CA Technologies (NASDAQ: CA) today announced that its Board of Directors has unanimously adopted a Stockholder Protection Rights Plan to replace the Company’s existing Rights Plan, scheduled to expire on November 30, 2012. The new Rights Plan was not adopted in response to any specific effort to acquire control of the Company and is not intended to prevent a takeover at a full and fair price.

The Company’s new Rights Plan is substantially similar to the existing Rights Plan, which was voted on and received the favorable support of the Company’s stockholders in 2010 and 2007. In order to address the corporate governance issues that are generally associated with rights plans, CA Technologies will ask its stockholders to vote on its new plan at its 2013 Annual Meeting.

“CA Technologies believes this Rights Plan strikes an appropriate balance between empowering the Board of Directors to use a Rights Plan to increase its negotiating leverage to maximize stockholder value and the current best practices in corporate governance that give stockholders a voice in the process,” said Art Weinbach, Chairman of the Board of Directors.

In connection with the adoption of the new Rights Plan, the Company declared a dividend of one right on each outstanding share of the Company’s common stock. The dividend will be paid on December 3, 2012 upon the expiration of the Company’s existing Rights Plan to stockholders of record on November 19, 2012.
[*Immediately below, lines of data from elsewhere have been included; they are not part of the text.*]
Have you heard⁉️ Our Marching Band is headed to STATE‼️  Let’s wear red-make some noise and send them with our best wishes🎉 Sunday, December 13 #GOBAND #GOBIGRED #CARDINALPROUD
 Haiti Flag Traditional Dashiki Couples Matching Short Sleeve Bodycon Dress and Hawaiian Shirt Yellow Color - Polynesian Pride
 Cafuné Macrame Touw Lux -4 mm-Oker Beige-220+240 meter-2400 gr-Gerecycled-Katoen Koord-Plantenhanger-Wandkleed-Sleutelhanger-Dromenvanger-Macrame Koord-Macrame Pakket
In general terms, and as in the existing Rights Plan, the rights are not exercisable until such time as an acquiring person becomes the beneficial owner of 20 percent or more of the Company’s common stock. The “Qualifying Offer” provision of the Rights Plan establishes a process by which stockholders holding at least 10 percent of the outstanding shares may call a special meeting at which all stockholders may vote on whether to exempt a Qualifying Offer from the Rights Plan, while also providing the Company’s Board with the time and opportunity to attract and secure potentially value-maximizing alternatives to an unsolicited takeover offer.